Data entries:
* * * * * * * * *

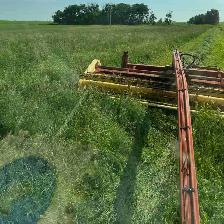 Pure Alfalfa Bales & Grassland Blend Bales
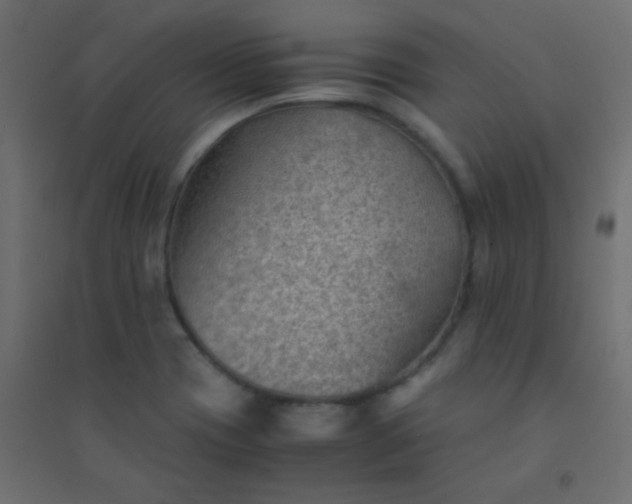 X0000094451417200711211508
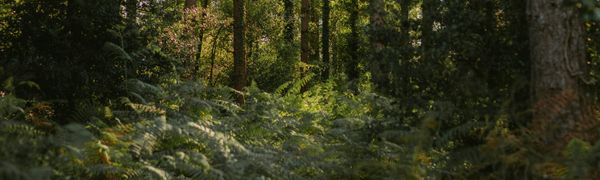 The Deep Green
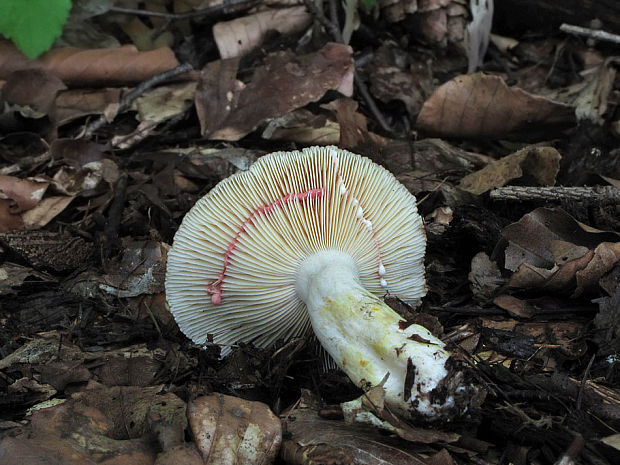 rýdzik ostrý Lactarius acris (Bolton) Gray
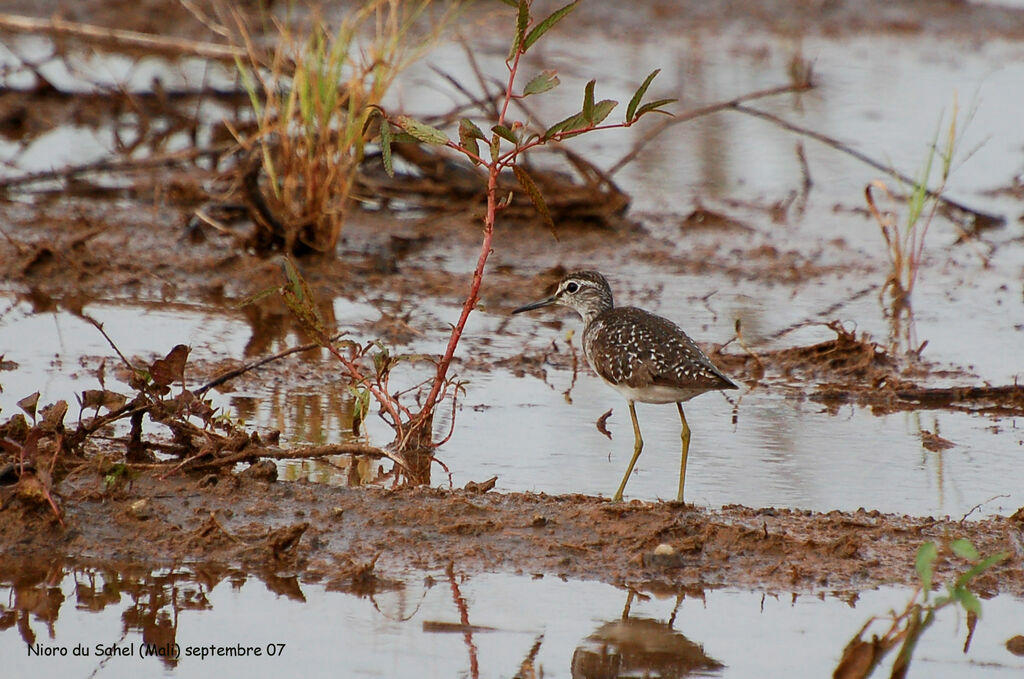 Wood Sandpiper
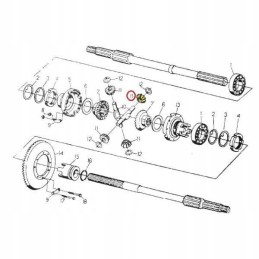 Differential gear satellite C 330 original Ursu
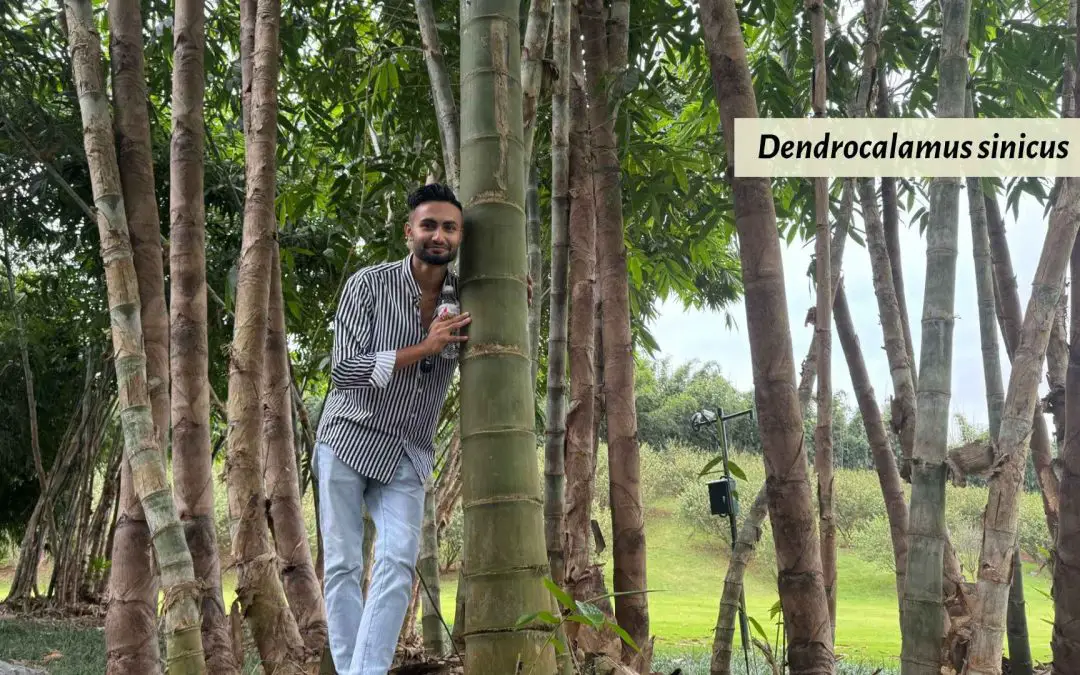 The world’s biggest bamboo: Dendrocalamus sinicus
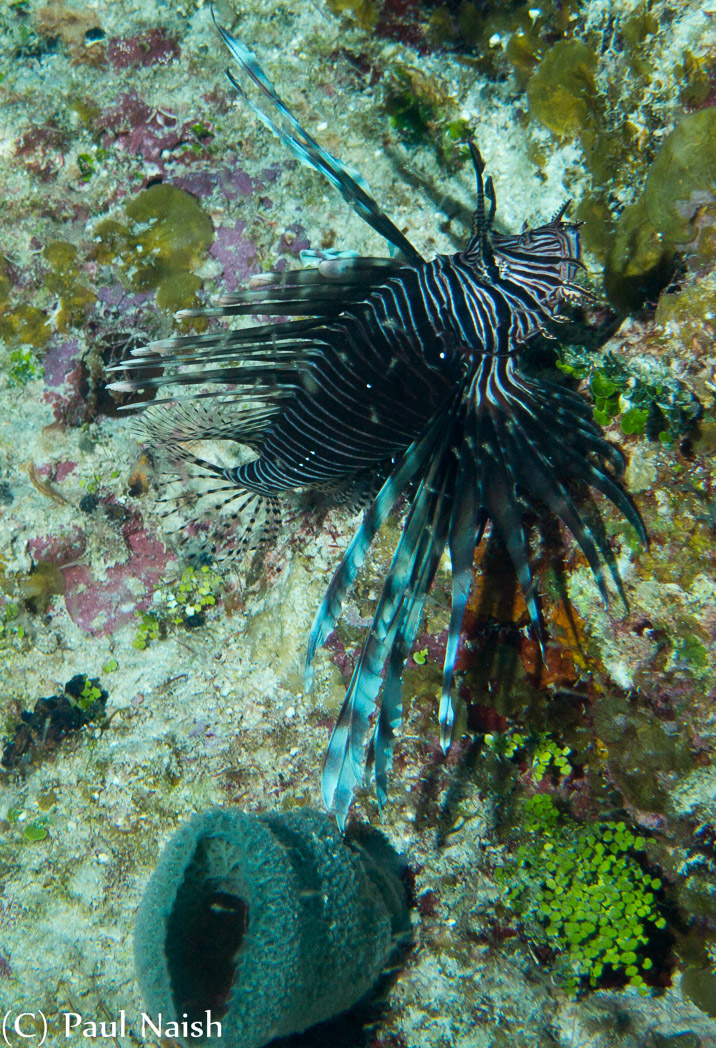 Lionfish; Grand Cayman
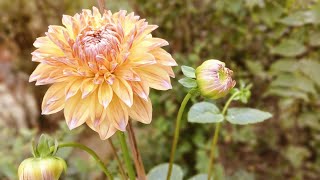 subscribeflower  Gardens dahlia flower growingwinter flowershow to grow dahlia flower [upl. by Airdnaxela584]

* * * * * * * * *

Give an exact copy of the line containing "rýdzik ostrý Lactarius acris (Bolton) Gray" and every line after it through the end of the entries. Pictures are to be dropped.

 rýdzik ostrý Lactarius acris (Bolton) Gray
 Wood Sandpiper
 Differential gear satellite C 330 original Ursu
 The world’s biggest bamboo: Dendrocalamus sinicus
 Lionfish; Grand Cayman
 subscribeflower  Gardens dahlia flower growingwinter flowershow to grow dahlia flower [upl. by Airdnaxela584]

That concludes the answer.